Scoble's link blog does attribution right. In the title of each post, he ends it with "From" followed by the name of the blogger whose post he has re-posted as an excerpt and link. Most other bloggers do attribution right, too, most of the time. Here's a recent post of mine that re-posts from Koranteng Ofosu-Amaah. Notice that I take the minimal trouble to start with my own instroductory statement "Highly recommended reading by", followed by his name a link to his blog, and then I put the link to the actual article before the excerpt. Then I do what I always do for extensive quotes: I use the <blockquote> element, which I have styled to indent, draw a box, change background color, and use italics, For shorter quotations, I sometimes just use ordinary quotation marks (with or without italics). And when I'm posting something that someone else has already re-posted, I will almost always use "Via" as a way to credit the original reposter in addition to crediting the original poster. I'm perhaps doing a little bit of overkill to make absolutely certain that there's clear indication that I am doing a fair use excerpt of someone else's material, but I'd much prefer to see overkill rather than ambiguous or missing attributions.
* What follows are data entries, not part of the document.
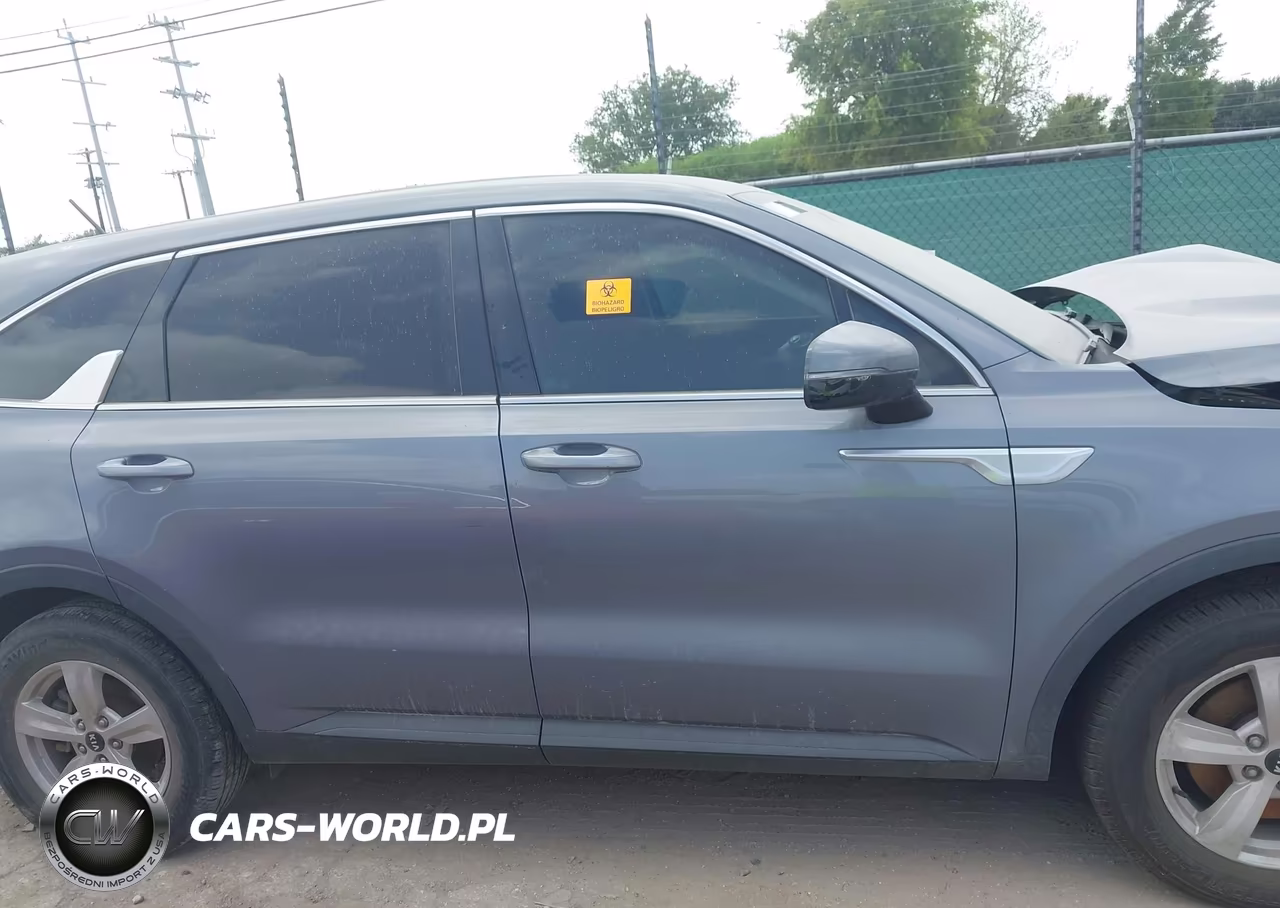 2021 Kia Sorento Lx VIN:5XYRG4LC4MG056636 - 12
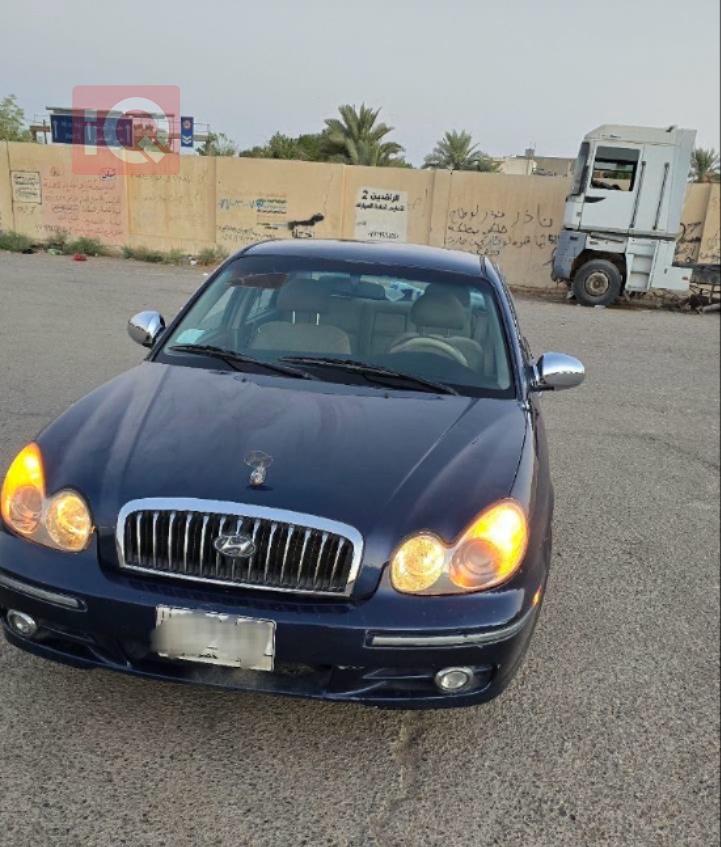 هيونداي سوناتا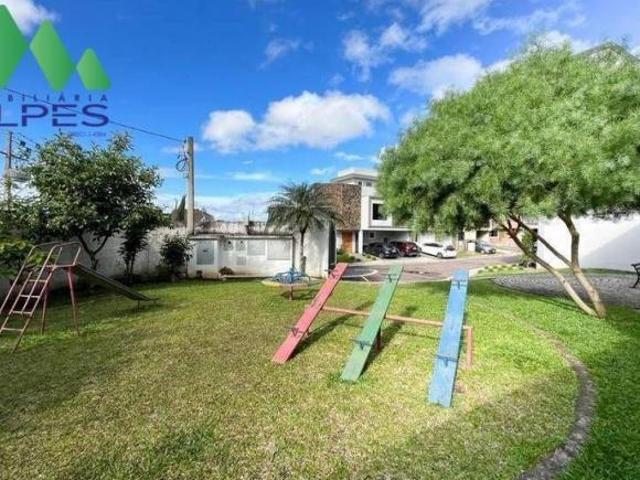 TERRENO EM CONDOMINIO FECHADO XAXIM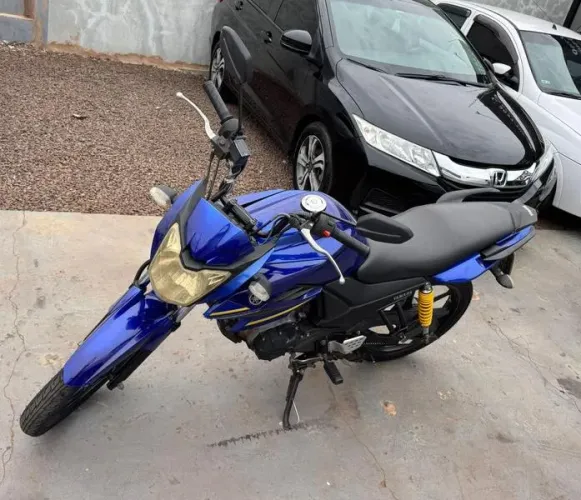YAMAHA FAZER 150 SED 2018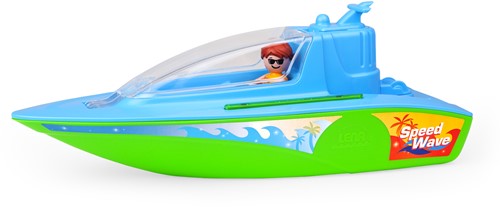 Lena BOAZZ Sportboot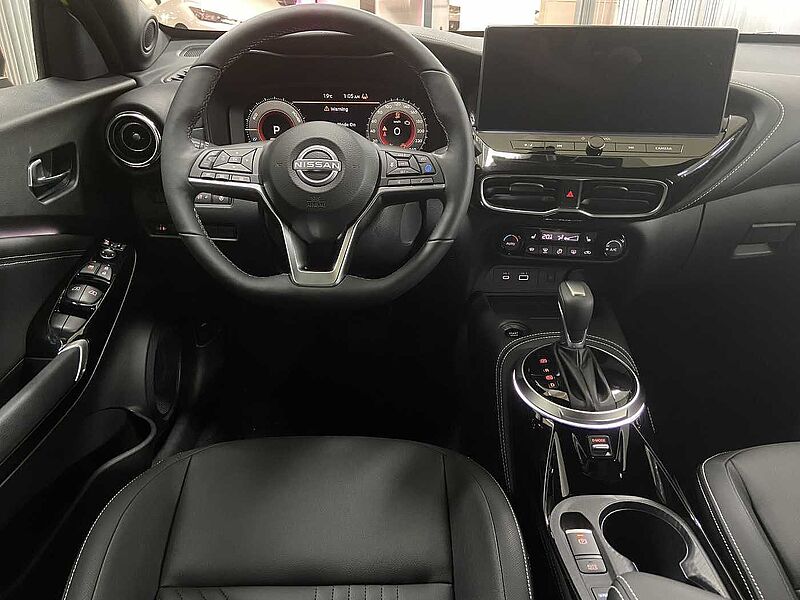 Nissan Juke Hybrid Tekna 1.6 4AMT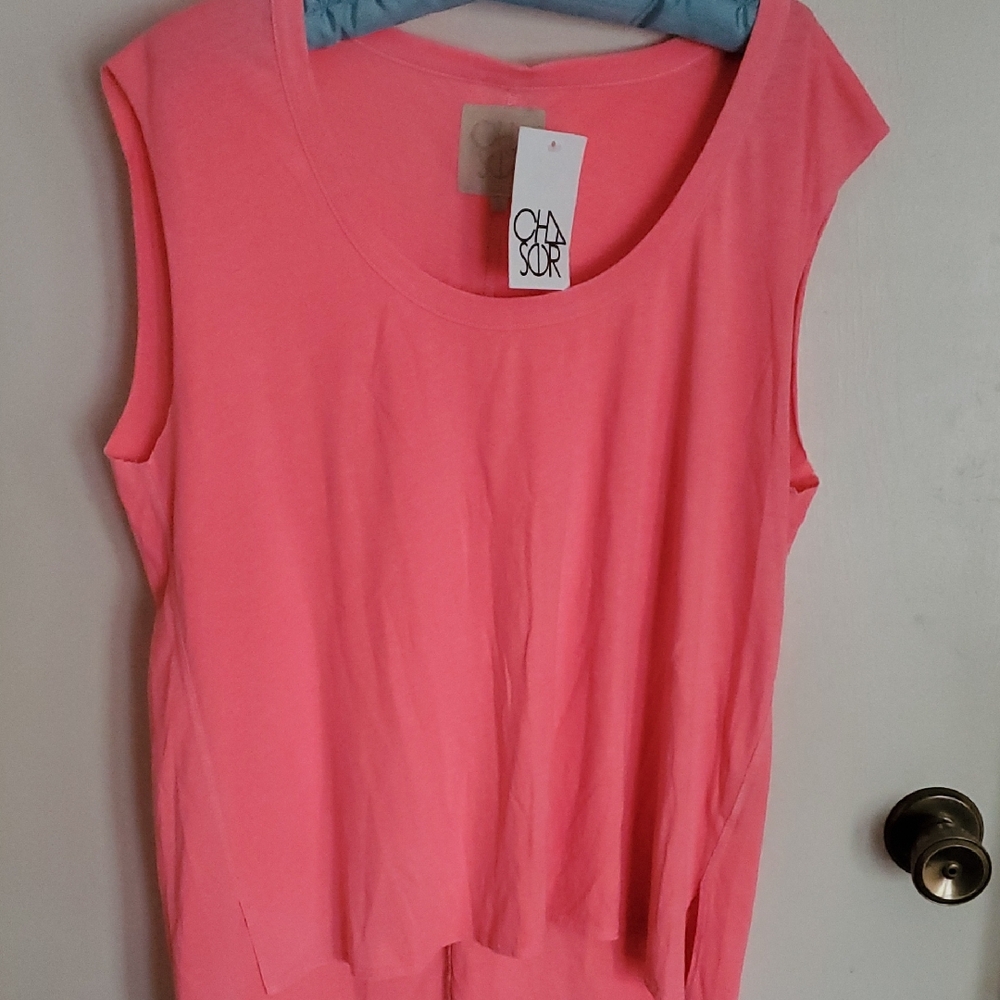 Chaser Tank Top Relaxed Fit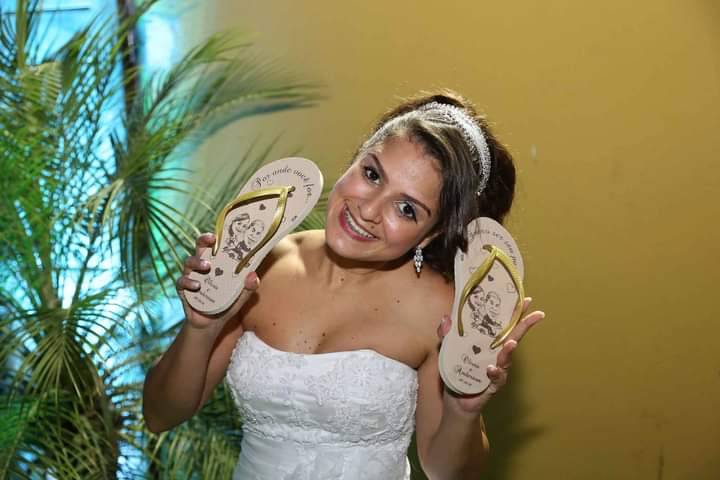 Os brindes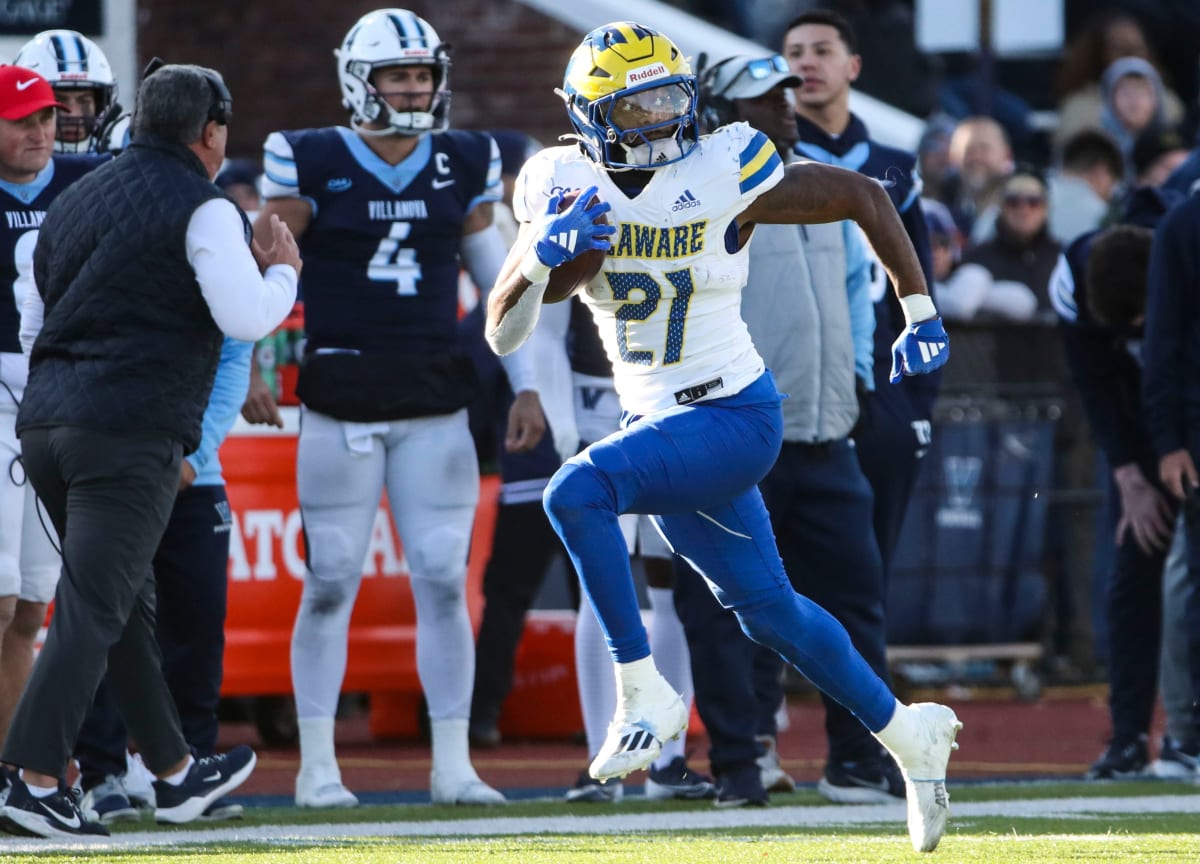 Marcus Yarns NFL Draft Scouting Report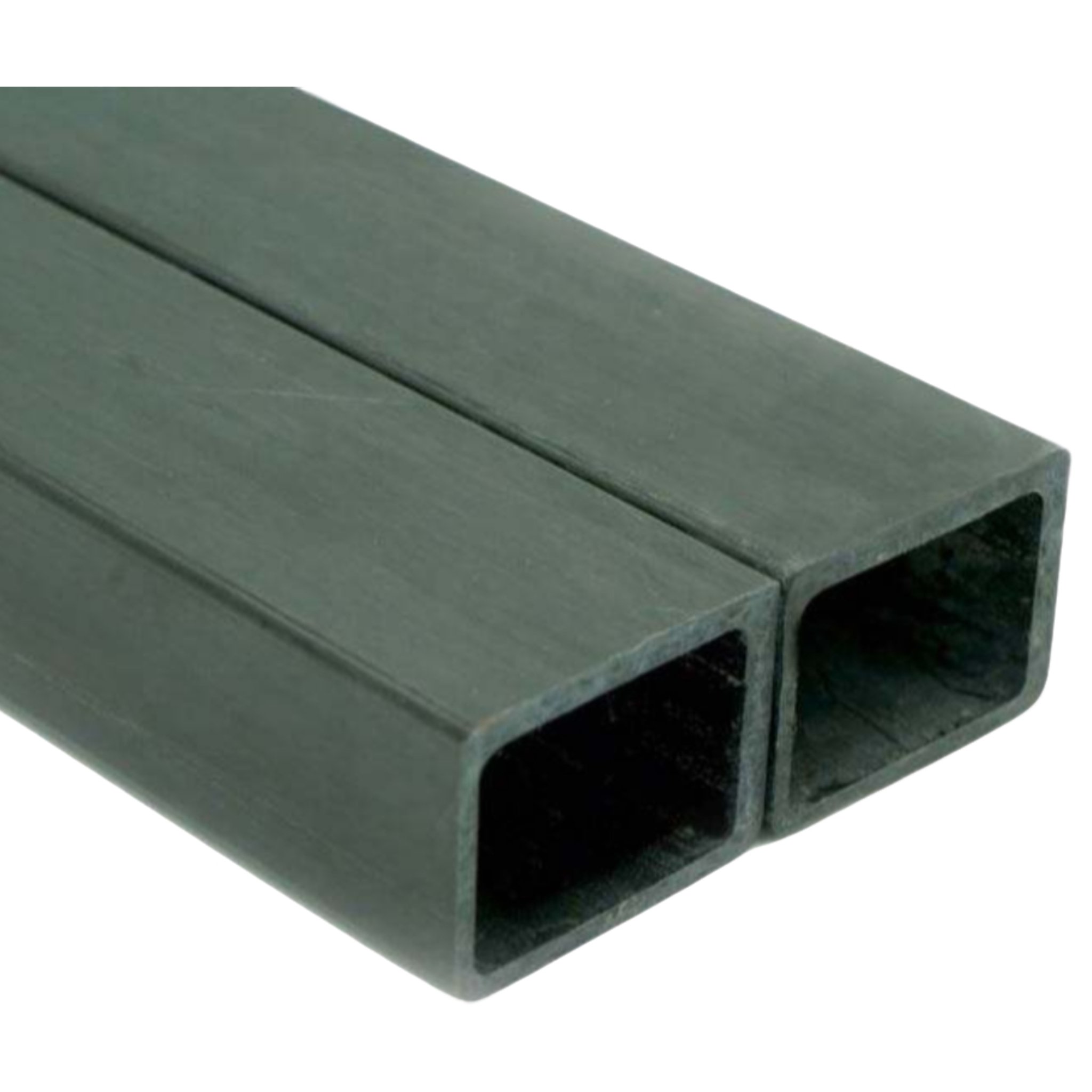Carbon fiber rectangular tube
Anyhow, I'd like to know what others feel about proper attribution, How do you think you're doing as far as making attribution clear goes? What do you do, and what do you recommend?

And specific to Blogsphere, should the "Written By" header be selectable on a per-post basis. such that it could be either "Written By" or "Posted By" depending on whether the material is original or re-published.

1. Koranteng Ofosu-Amaah06/07/2005 07:58:44 AM

One thing though, typically the default text editors (and certainly Blogger) don't have an icons for blockquote indentation or for the cite tag for 'via' attribution. The lack of those simple smarticons might contributing to the impedance in attribution, and posts such as yours will sensitize . I've written enhancement requests to blogger and bloglines to allow users to customize the buttons in their editors and to have a wider set of default icons, beyond bold, italic, underline and strikethrough. To take an example, this comment box on this blog has those four and a bunch of smileys. If I had wanted to quote or cite someone I would be out of luck, and who knows if blockquote or cite would pass your html sanitizer in any case. But that's the terran that we're living in.

I happen to use Notetab as my html editor and that has a clipbook full of all the obscure html I use (abbr tag anyone?)

And while on the topic of malicious reposting to sell insurance or mortgages, I noticed that a few weeks after my first few pieces on technology, first the Gmail and DHTML architecture, started to get a little traction (as evidenced by delicious/popular), a lot of those spam blogs and sites lifted my crusty copy.

The good thing is that a few months of sustained posting couple coupled with a smidgen of PageRank tweaking meant that my google juice was restored and those pages have slid into the long tail of search engine results - and we know how many people are "feeling lucky". That means that the system works itself out eventually.

As Cory Doctorow says all complex ecosysystems have parasites and for now spam on blogs is relatively benign for the authors who are consistent. David Sifry however seems to be loosing sleep about this very issue, but that's another story and one for the toli.